- TASK: Leaving out every picture, copy the lines of the material below exactly, from the line containing "Amazing wild nature" through the line containing "Libros de segunda".

- DATASET:
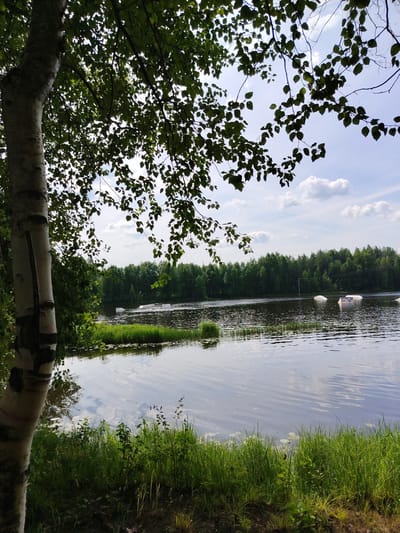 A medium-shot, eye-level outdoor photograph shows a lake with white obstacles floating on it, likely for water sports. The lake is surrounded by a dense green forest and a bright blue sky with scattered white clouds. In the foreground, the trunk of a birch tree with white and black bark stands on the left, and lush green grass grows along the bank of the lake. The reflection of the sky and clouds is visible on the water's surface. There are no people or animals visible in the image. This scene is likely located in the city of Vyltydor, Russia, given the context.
---
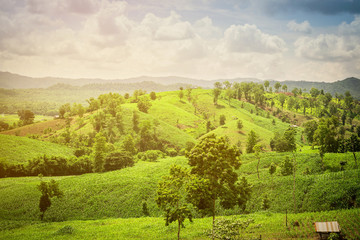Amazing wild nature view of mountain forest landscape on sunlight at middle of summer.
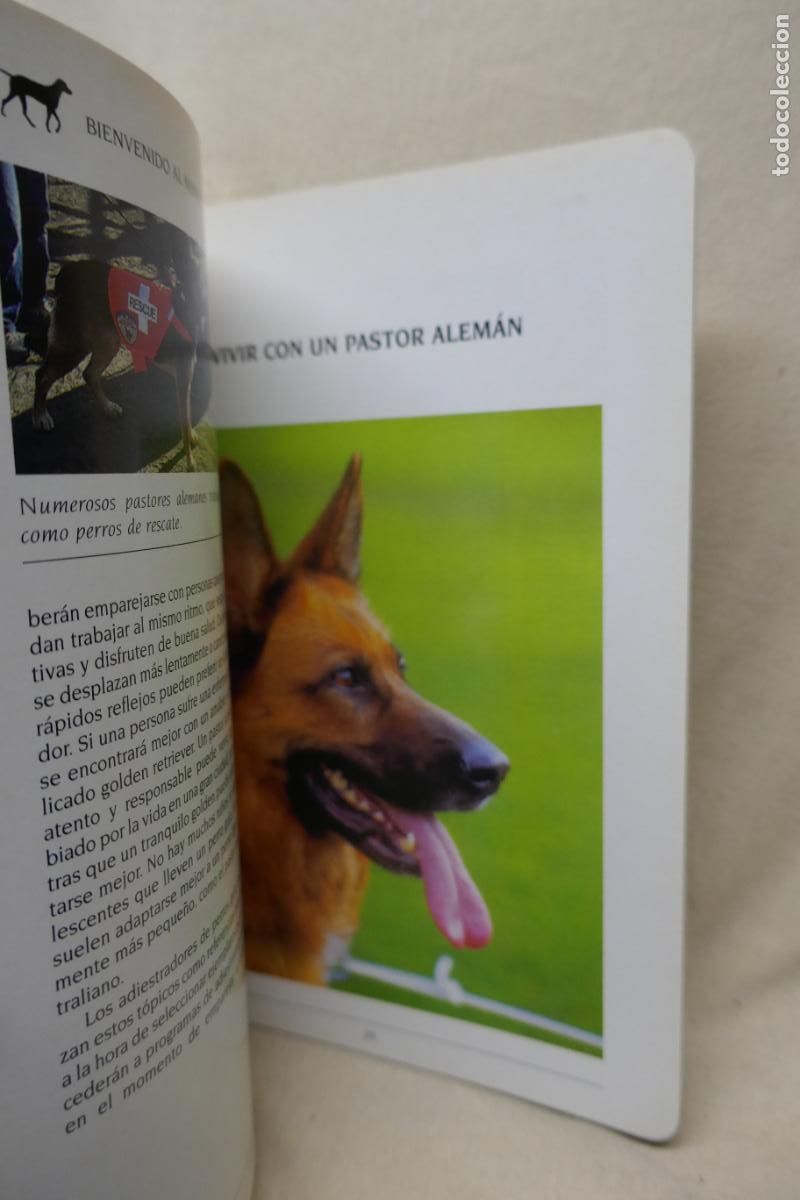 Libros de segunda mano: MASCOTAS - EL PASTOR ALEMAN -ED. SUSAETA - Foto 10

- RESULT OF THE TASK:
Amazing wild nature view of mountain forest landscape on sunlight at middle of summer.
 Libros de segunda mano: MASCOTAS - EL PASTOR ALEMAN -ED. SUSAETA - Foto 10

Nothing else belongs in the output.